Pour la suite, les choses sont en train de se mettre en place. Si, jusqu'à présent, il n'y avait aucun retour sur l'idée d'utiliser les crédits du FEAMP en cas de Brexit sans accord, la Commission européenne a, il y a deux semaines, proposé 500 millions d'euros supplémentaires pour le futur FEAMP. 300 millions d'euros de cette nouvelle enveloppe pourraient être utilisés pour pallier les difficultés du Brexit. Cela ne constitue pour l'instant que la proposition de la Commission européenne dans le cadre du prochain cadre financier pluriannuel. M. Charles Michel, président du Conseil européen, propose de créer un fonds spécifique de 5 milliards d'euros pour répondre aux enjeux du Brexit.

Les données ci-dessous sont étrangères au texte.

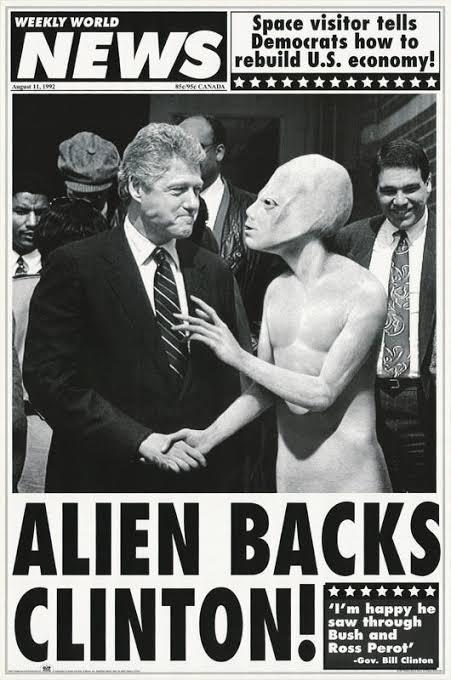 A black-and-white image mimicking a 1992 Weekly World News front page, showing Bill Clinton shaking hands with a humanoid…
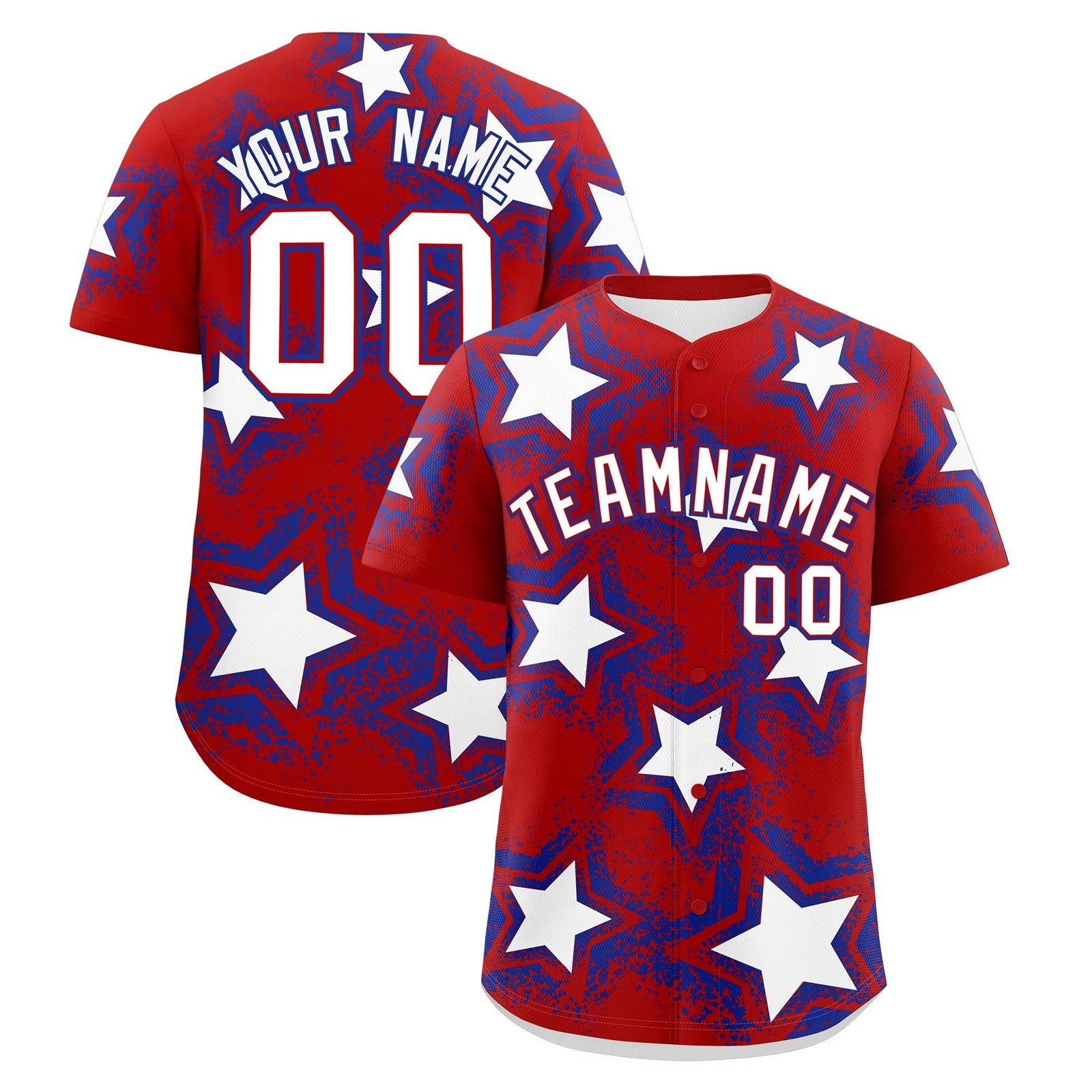 Custom Red Royal Blue White Star Graffiti Team Baseball Jerseys With Custom Names, Numbers & Logos Lightweight Baseball Jersey| KXKSHOP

Plusieurs propositions ont donc été avancées, les choses ne sont pas très claires mais cela fera l'objet de la négociation qui va commencer dans deux jours lors du Conseil européen, ce qui doit nous permettre d'y voir plus clair. Ma conviction personnelle est qu'il vaut mieux disposer d'un fonds européen spécifique pour le Brexit. En effet, si on prévoit dans le FEAMP une ligne spéciale pour le Brexit, cela signifierait qu'on retirerait autant à ce fonds global, déjà peu élevé, pour le reste de la pêche, alors qu'il existe beaucoup d'enjeux en termes de modernisation de la flotte de pêche.